Re: Spark reading from cassandra

2020-11-04 Thread Russell Spitzer
A where clause with a PK restriction should be identified by the Connector
and transformed into a single request. This should still be much slower
than doing the request directly but still much much faster than a full scan.

On Wed, Nov 4, 2020 at 12:51 PM Russell Spitzer 
wrote:

> Yes, the "Allow filtering" part isn't actually important other than for
> letting the query run in the first place. A where clause that utilizes a
> clustering column restriction will perform much better than a full scan,
> column pruning as well can be extremely beneficial.
>
> On Wed, Nov 4, 2020 at 11:12 AM Amit Sharma  wrote:
>
>> Hi, i have a question while we are reading from cassandra should we use
>> partition key only in where clause from performance perspective or it does
>> not matter from spark perspective because it always allows filtering.
>>
>>
>> Thanks
>> Amit
>>
>


Re: Spark reading from cassandra

2020-11-04 Thread Russell Spitzer
Yes, the "Allow filtering" part isn't actually important other than for
letting the query run in the first place. A where clause that utilizes a
clustering column restriction will perform much better than a full scan,
column pruning as well can be extremely beneficial.

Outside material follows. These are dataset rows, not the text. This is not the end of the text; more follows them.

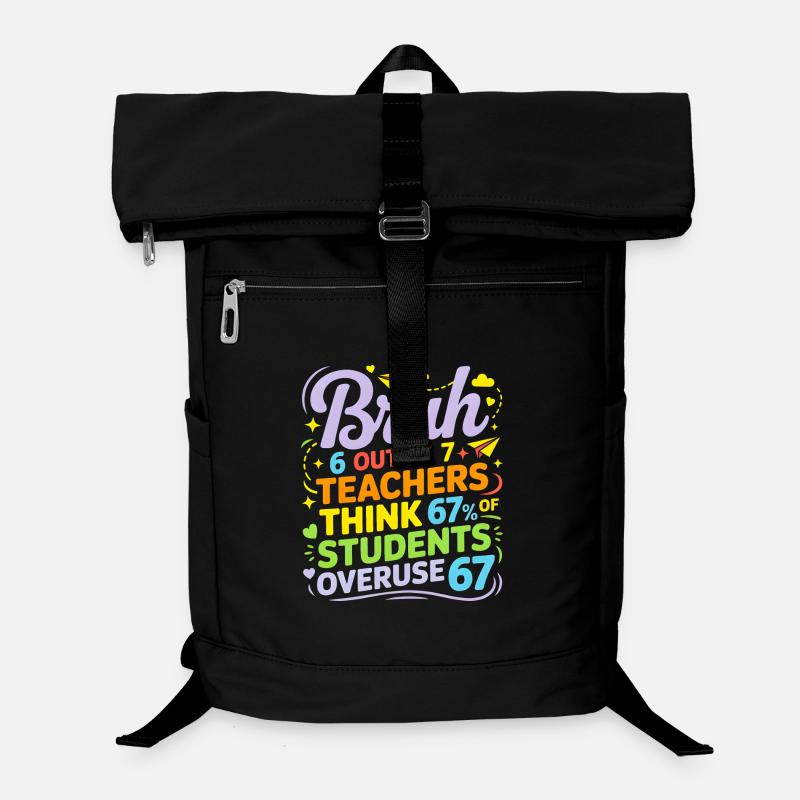 Bruh - Six Seven 6 7 Meme Fun Design Laptop Backpack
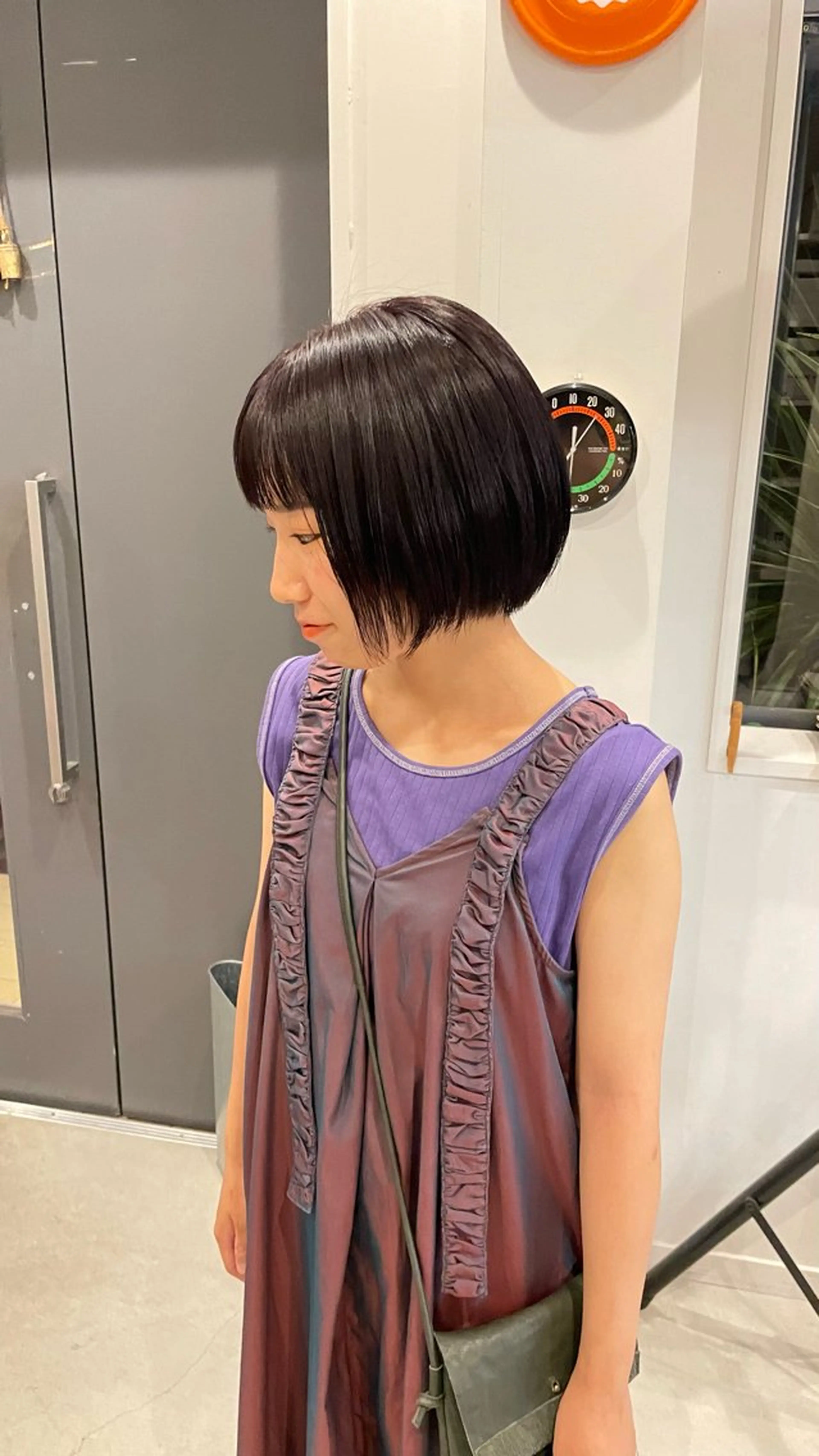 ショート カラー 大庭 渚紗のヘアスタイル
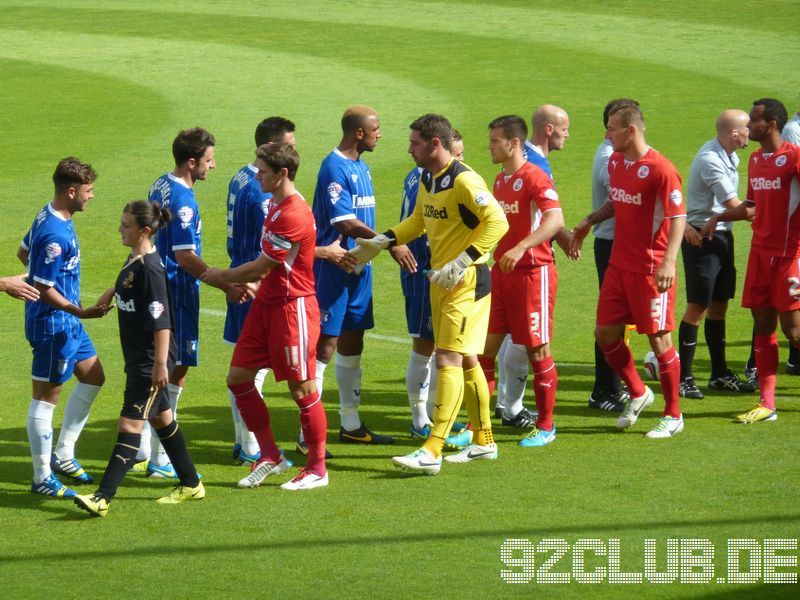 Crawley Town - Gillingham FC, Broadfield Stadium, League One, 07.09.2013 - 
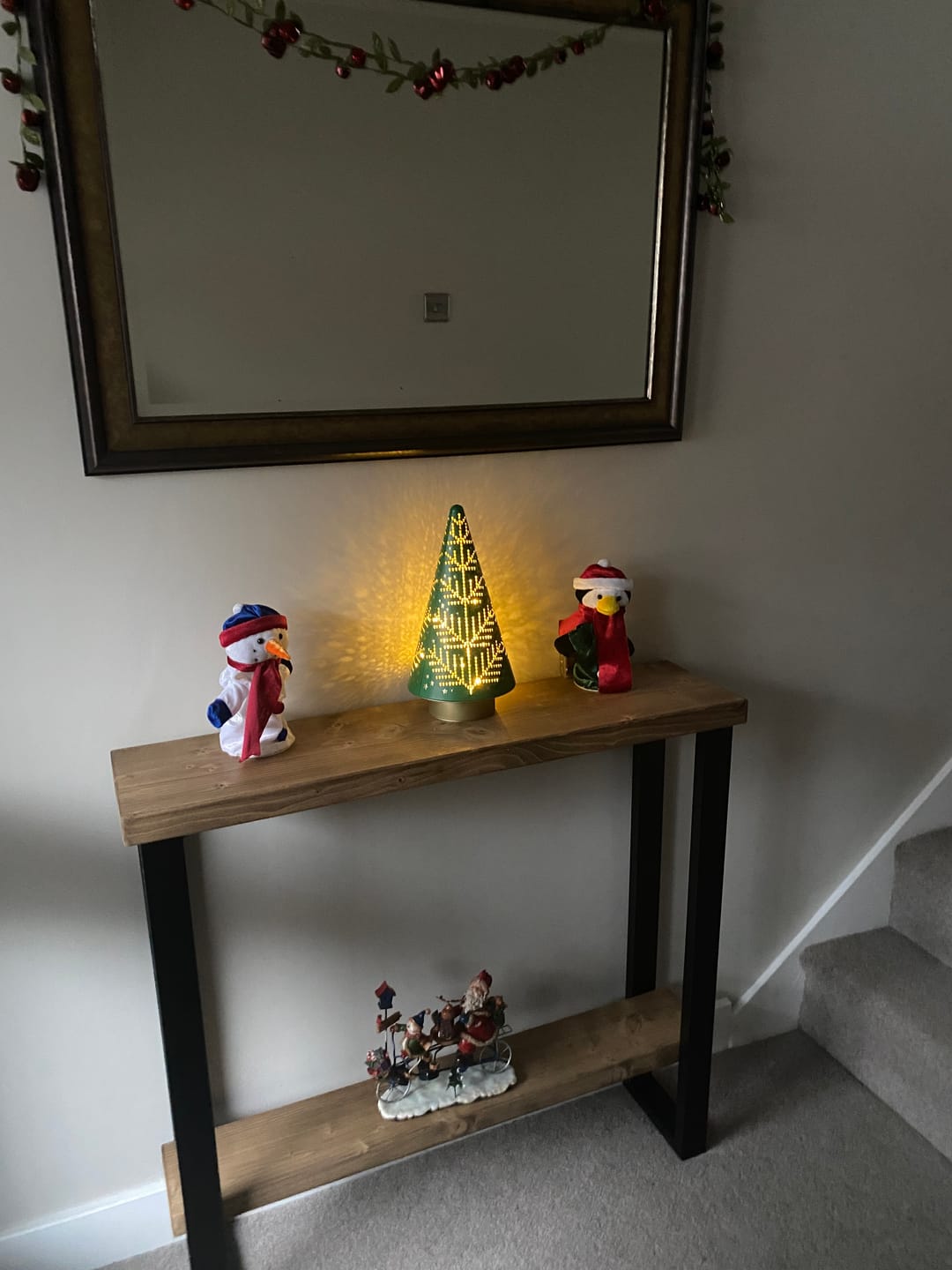 Customer photo review of Console Table with Shelf 22.5cm Depth | 84cm High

On Wed, Nov 4, 2020 at 11:12 AM Amit Sharma  wrote:

> Hi, i have a question while we are reading from cassandra should we use
> partition key only in where clause from performance perspective or it does
> not matter from spark perspective because it always allows filtering.
>
>
> Thanks
> Amit
>


Spark reading from cassandra

2020-11-04 Thread Amit Sharma
Hi, i have a question while we are reading from cassandra should we use
partition key only in where clause from performance perspective or it does
not matter from spark perspective because it always allows filtering.


Thanks
Amit